# [SUPPLIED MATERIAL]
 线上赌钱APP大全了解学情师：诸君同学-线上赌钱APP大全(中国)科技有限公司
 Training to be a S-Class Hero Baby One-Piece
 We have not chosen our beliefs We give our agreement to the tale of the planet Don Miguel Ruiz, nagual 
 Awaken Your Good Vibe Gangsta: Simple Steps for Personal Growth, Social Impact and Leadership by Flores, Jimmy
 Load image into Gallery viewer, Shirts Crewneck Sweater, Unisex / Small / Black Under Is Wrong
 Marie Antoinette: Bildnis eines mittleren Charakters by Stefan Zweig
* * *
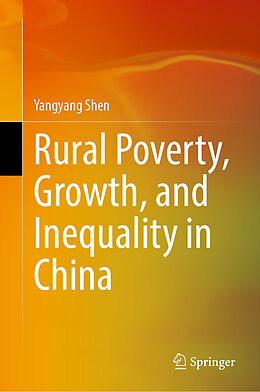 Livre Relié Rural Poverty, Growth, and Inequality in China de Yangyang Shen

# [WHAT YOU SHOULD DO]
Only the lines above from the line with "线上赌钱APP大全了解学情师：诸君同学-线上赌钱APP大全(中国)科技有限公司" to the line with "Marie Antoinette: Bildnis", those two lines included, should be reproduced exactly.

# [ANSWER]
 线上赌钱APP大全了解学情师：诸君同学-线上赌钱APP大全(中国)科技有限公司
 Training to be a S-Class Hero Baby One-Piece
 We have not chosen our beliefs We give our agreement to the tale of the planet Don Miguel Ruiz, nagual 
 Awaken Your Good Vibe Gangsta: Simple Steps for Personal Growth, Social Impact and Leadership by Flores, Jimmy
 Load image into Gallery viewer, Shirts Crewneck Sweater, Unisex / Small / Black Under Is Wrong
 Marie Antoinette: Bildnis eines mittleren Charakters by Stefan Zweig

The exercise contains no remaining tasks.